Días después del terremoto, escribí que la dimensión del daño provocado a Haití era de tal magnitud que no bastaría con la ayuda humanitaria que se enviaba desde el país y otras partes del mundo, para contribuir a aliviar el sufrimiento de millones de haitianos. Habría necesidad de un esfuerzo de la comunidad internacional que trascendiera el plazo en que la tragedia dominara los titulares y la atención mundial. Un esfuerzo gigantesco que sobreviviera al entusiasmo inicial que el sentido de la solidaridad humana volcaba en estos días sobre esa nación.

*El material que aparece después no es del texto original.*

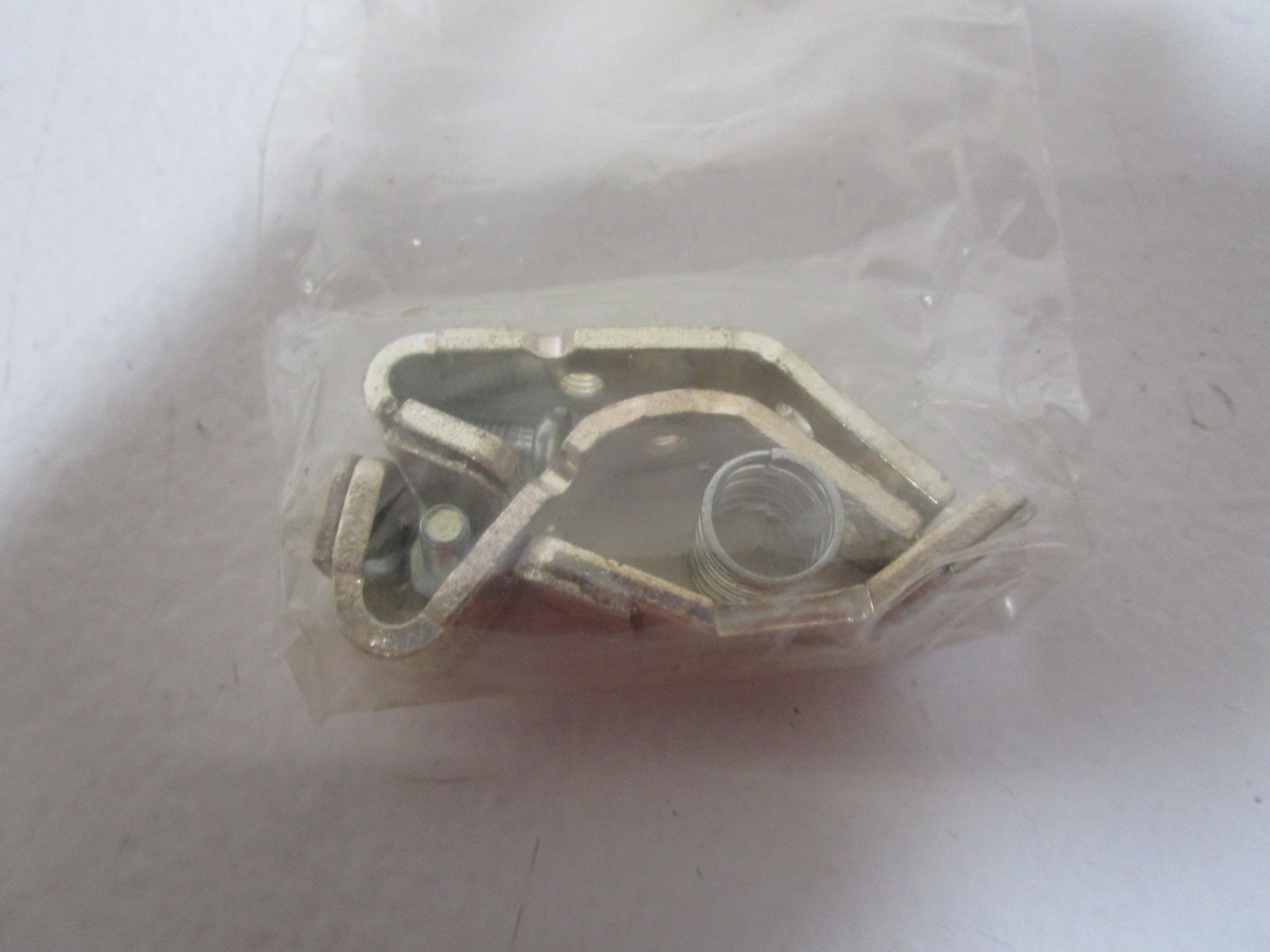 75GP14 Contact Kit - Brand New in Box | Perfect for Electrical Repairs & Maintenance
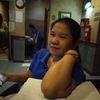 supapnnee.niamcha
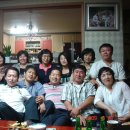 태식이네 이미지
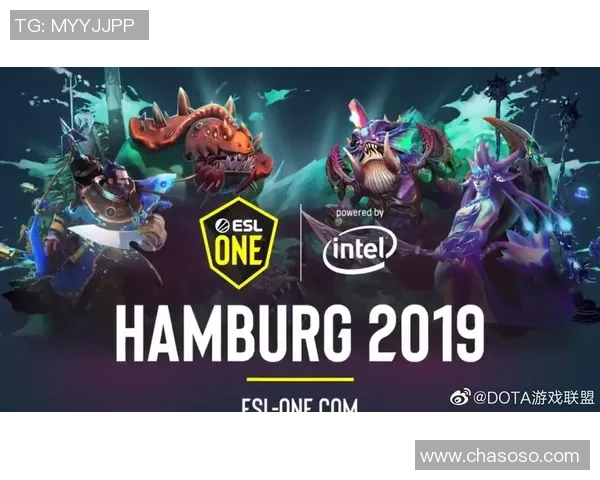 成都排球队以82分领跑世界锦标赛积分榜展现强劲实力 成都排球队以82分领跑世界锦标赛积分榜展现强劲实力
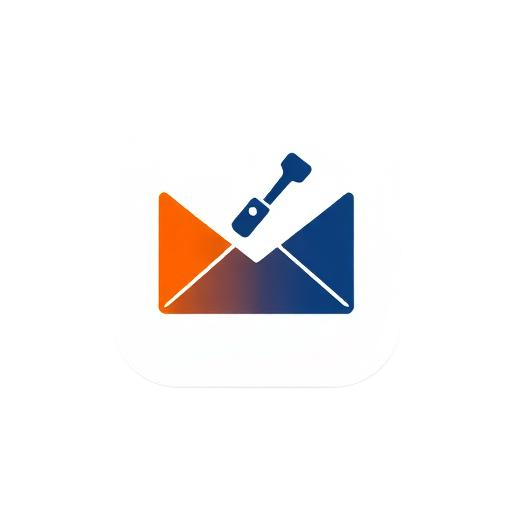 MailMaestro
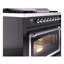 ILVE Nostalgie II Noblesse 36 in Dual Fuel Range-2116483668-2116483665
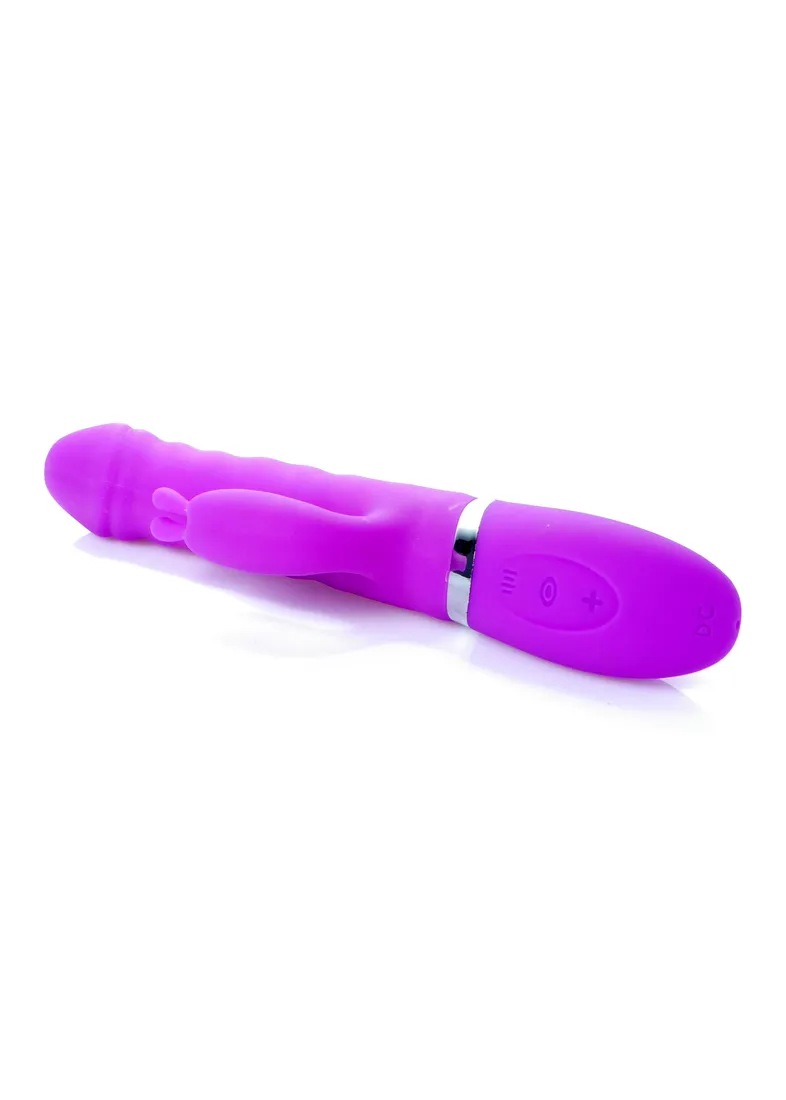 wibrator-lyla-purple-heating-thrusting-18-vibrating-functions-usb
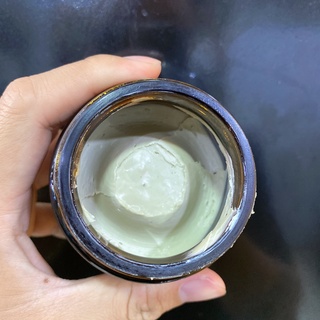 Sáp vuốt tóc nam - Saigon Hustles - Styling Clay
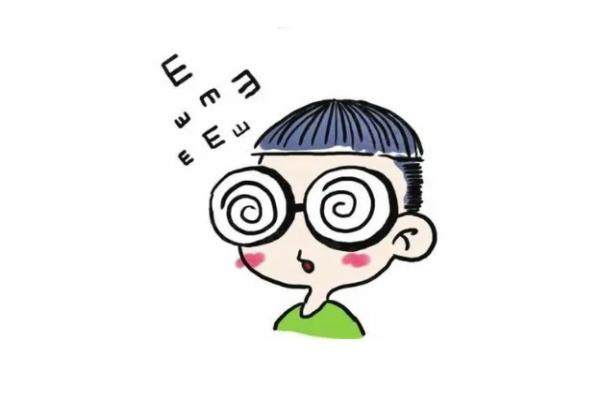 屈光(1).jpg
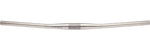 Thomson MTB Titanium Handlebar 730mm 12 Degree Sweep 31.8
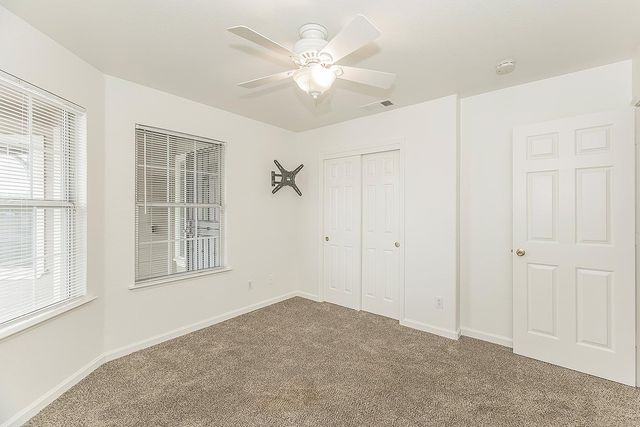 5906 W Paul Avenue, Fresno, CA 93722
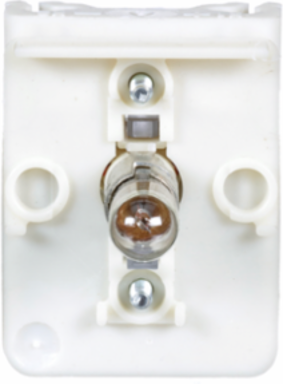 Harmony 9001K Light Block, 30mm, Incandescent Bulb, 110-120V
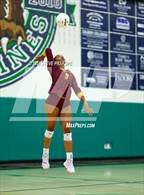Photo from the gallery "Broad Run @ Woodgrove"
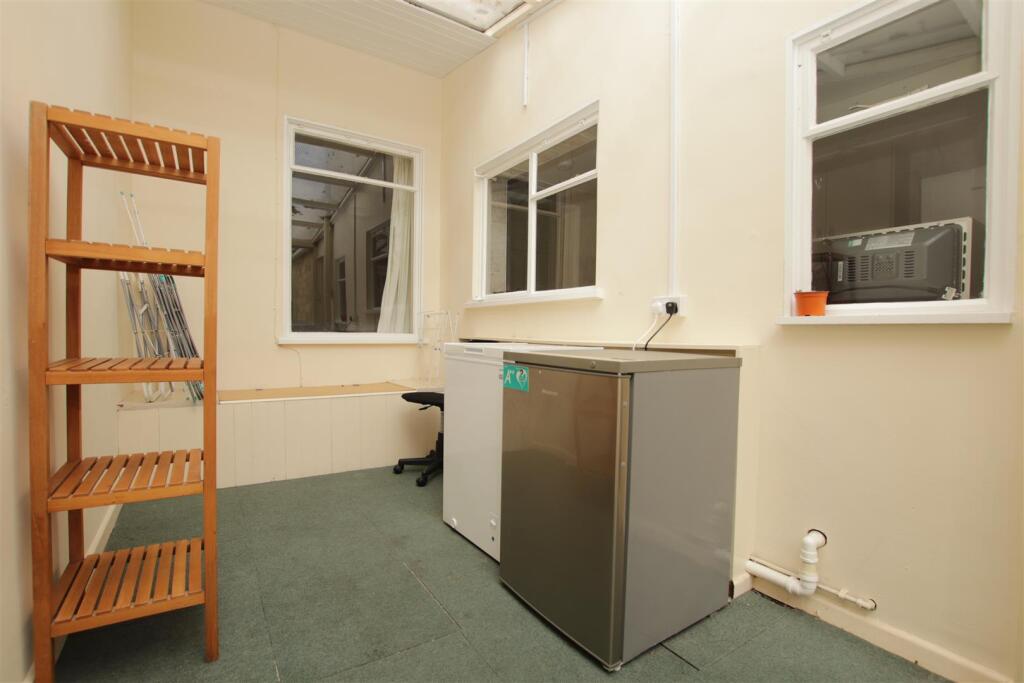 Additional image 12 of West Avenue, BA2 3QB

Nunca como entonces se hacía tan urgente una acción de tal intensidad a favor de esa empobrecida y golpeada nación; un esfuerzo colectivo de larga duración, similar al observado en esos momentos de dolor y sufrimiento. Lo que Haití requería y aún requiere es un plan casi como el que Estados Unidos llevó a cabo para salvar a Japón y Europa de la destrucción de la guerra. Una especie de Plan Marshall que no podrá ser dejado únicamente bajo la responsabilidad de los estadounidenses, porque la comunidad internacional tiene una deuda moral con el pueblo haitiano, al que ha abandonado a su suerte.
Un plan, decía, que ayudara a reconstruir la infraestructura física de ese país, puentes, carreteras, caminos, presas, etc., y que salvara el territorio de la desertificación, repoblando sus montañas y recuperando sus bosques, para que los ríos vuelvan a tener su caudal original, resurja la agricultura y los haitianos puedan producir para alimentarse y superar las precariedades que padecen desde sus mismos inicios. Un plan que permita el regreso de la inteligencia haitiana que emigró por falta de oportunidades y la represión política, para inyectar a la vida a la nación ideas modernas y capacidad gerencial para sortear los desafíos del futuro. Un fideicomiso indefinido si fuera necesario, porque la reconstrucción de ese país durará muchos años.